Desde ese instante, el dique emocional
de Isabel comienza a agrietarse: no consigue conectar con su hijo, rebelde,
arisco y que cuida en su dormitorio a una inquietante boa imperator, que cada
día crece más; descubre que tal vez sigue amando a su exmarido Luis (lo que no
le impide mantener una extenuante sesión sexual con Adrián Siles, un reconocido
experto al que ha pedido directrices para afrontar el caso de Alvear); se ve
impotente para marcar unas fronteras claras en el caso de su paciente (no sabe
si le gusta, le atrae o lo odia)... Es como si, de pronto, innumerables
vectores de tensión la desgarraran de una forma meticulosa. El suelo tiembla.

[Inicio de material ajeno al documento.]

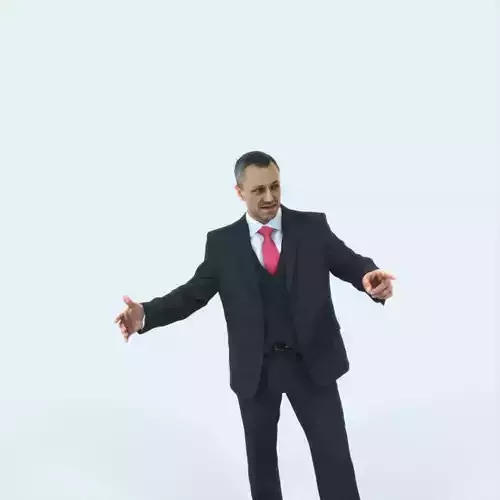 Fortitude 03E pointing Couple Pointing Elegant Man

Su cerebro tiembla. Su corazón tiembla. Algo turbio parece zarandearla en todas
las direcciones y la sacude el vértigo. Ricardo Alvear se ha transformado,
sigilosa pero férreamente, en el elemento que modula su vida (“Era el diapasón
de mi semana”, p.293). Con él mantiene una intensa esgrima psicológica, que la
agota durante mucho tiempo y que provocará cambios radicales en su forma de
pensar. Poco a poco irá retirando capas protectoras de su paciente y accederá a
pasillos oscuros en los que él sigue deambulando desde la infancia: una madre
atrapada por la náusea de las drogas; un tío con el que mantendrá una relación
desasosegante y confusa; el paso por diversos centros de acogida y
“re-educación”; la presencia reconfortante de Bernardo Ruiz, tal vez la única
persona que veló por la felicidad del joven Ricardo... y, por fin, sus
revelaciones sobre el ruido, el ruido del mundo, ese estruendo cacofónico que
“nos envuelve, se cierne sobre nosotros” (p.298) y nos aleja de la calma, del
sosiego, de la paz interior. Isabel, desbordada por la enorme envergadura de su
dolor, no puede detener la derrota inevitable de Ricardo Alvear, pero sí que
descubrirá a su lado los mecanismos para salvarse a sí misma, para enderezar el
rumbo, para no hundirse en el légamo. Paciente y psicóloga intercambian
silenciosamente sus funciones y ultiman, alterados, sus destinos.
Todos —es la lección que Ignacio
García-Valiño nos sugiere y traslada en sus páginas— estamos acechados por
hondas heridas invisibles y por fisuras que un día, sin plan previo, se alían
para desmoronarnos. Todos tenemos el corazón erizado de túneles, como un
termitero. Y a veces se produce una detonación que borra los tabiques. Isabel
lo descubre gracias a su educadísimo y hermético paciente.
Desplegando una vez más su prosa
diáfana, elegante y armónica, en la que belleza y precisión se distribuyen en
los dos platillos de la balanza, el autor maño nos entrega una turbadora
indagación (o un cúmulo de turbadoras preguntas) sobre el espíritu humano,
sobre sus flaquezas y meandros, sobre sus puntos ciegos y sus ráfagas de luz,
sobre la zozobra y sobre la esperanza.